VerbsFirst is a family of focused language drills for adults who prefer effective tools over streak-chasing. Get the verbs moving early and the rest of the language starts feeling less frozen.
Because it is a giant low-hanging fruit. If you get verbs under control early, two things improve fast: saying what you mean, and following fast speech.
The problem usually is not that you do not know enough words. It is that when you try to say something, it does not come out cleanly. You hesitate. You are unsure about the form. The sentence loses momentum. And verbs are usually where that starts.
Learner A knows more words and understands quite a bit, but still has to think about verb forms.
Learner B knows fewer words, but the verbs come out quickly, so they speak more freely and separate fast speech into actual words more easily.
Usually the second one ends up speaking more. When the verb is shaky, everything built on top of it gets shaky too: timing, confidence, rhythm, and the willingness to keep going.
Verb endings also carry structure. In fast speech, they give you anchors for who is doing what and when it happens, so native speech starts feeling less like mush.
VerbsFirst is here to do one thing well: make your verb usage fast and reliable.
And secondarily, to serve as a quick reference when you just need a conjugation without friction.
No login. No tracking. No backend watching what you do.
It runs locally. Your data stays with you. It is just a tool.
The case for focused verb practice does not rest on one single paper. It comes from several overlapping areas of research.

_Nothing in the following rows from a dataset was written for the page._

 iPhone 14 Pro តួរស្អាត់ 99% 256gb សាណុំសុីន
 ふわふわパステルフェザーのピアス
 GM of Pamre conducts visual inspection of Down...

1. Verb-centered patterns are a real part of how language is learned
Usage-based and construction-based research treats language as recurring form-meaning patterns, many of them organized around verbs and their argument structures. Learners are not just collecting words and rules; they are building networks of verb-centered patterns.

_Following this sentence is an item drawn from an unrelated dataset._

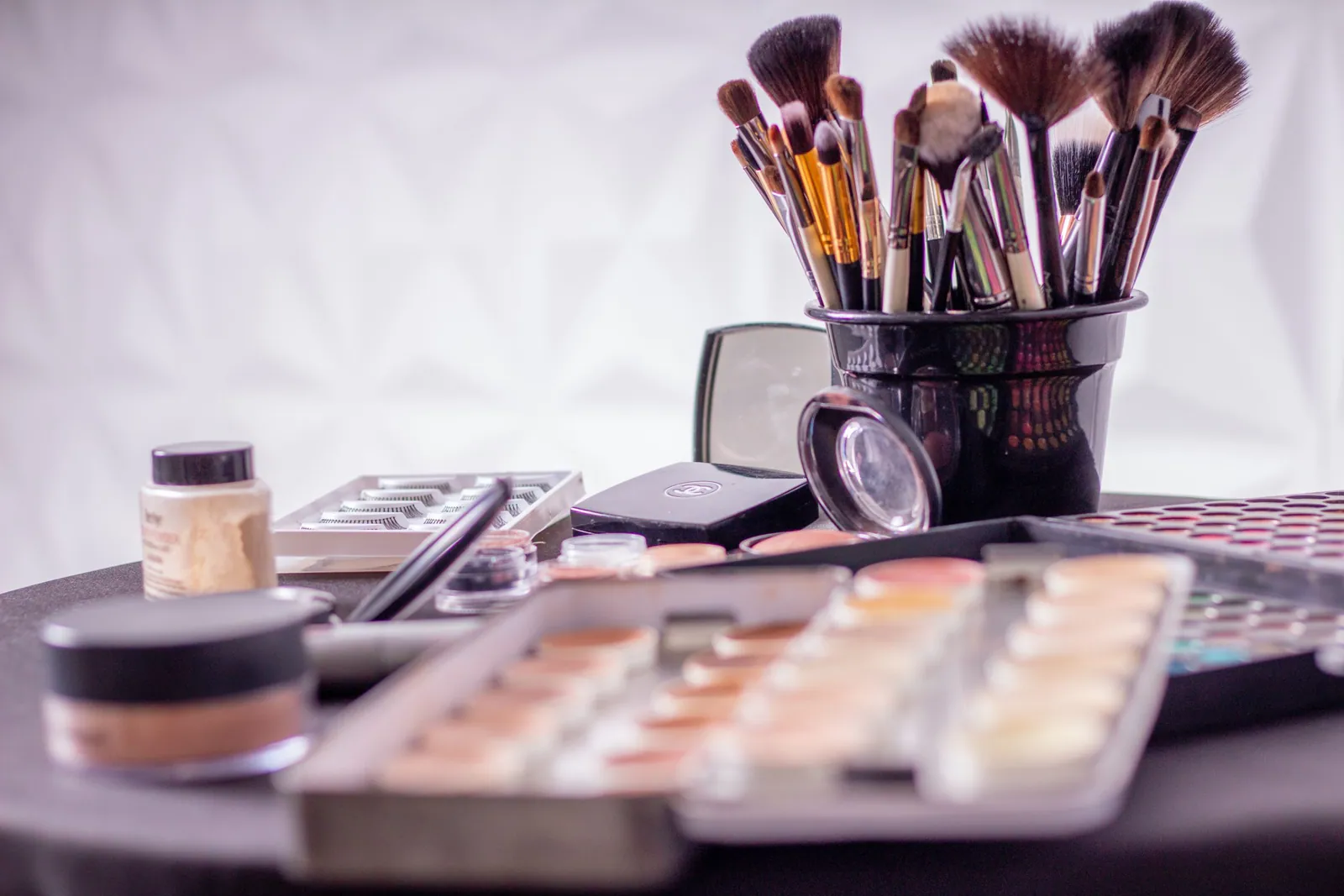 Make-up-Pinsel und Paletten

2. Grammar becomes usable through practice, not just understanding
Second-language acquisition research has long distinguished between knowing a rule and being able to use it quickly under pressure. Practice contributes to proceduralization: forms become more available, less effortful, and more automatic.
3. Retrieval matters
Memory research consistently finds that active recall improves later retention more than passive review alone. That is one reason a “try to say it, then check” loop is often more useful than simply rereading tables.

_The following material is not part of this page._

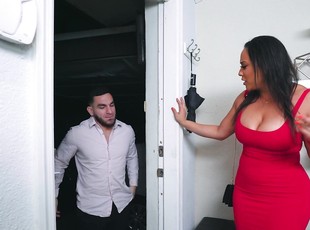 Carmela Clutch and Camila Cortez seduce one guy and have a 3-way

4. Confidence affects whether people actually speak
Research on willingness to communicate in a second language shows that learners speak more when they feel able to produce language reliably in the moment. If uncertainty around forms makes speech halting, that affects not only accuracy but also whether the learner keeps participating at all.
5. Morphology can help with fast speech
Research in usage-based learning and processing also supports the idea that structural cues help listeners parse language in real time. In practical terms, knowing common endings and verb patterns can make fast speech easier to segment and less chaotic.
Bottom line
That is the overlap this tool is trying to target.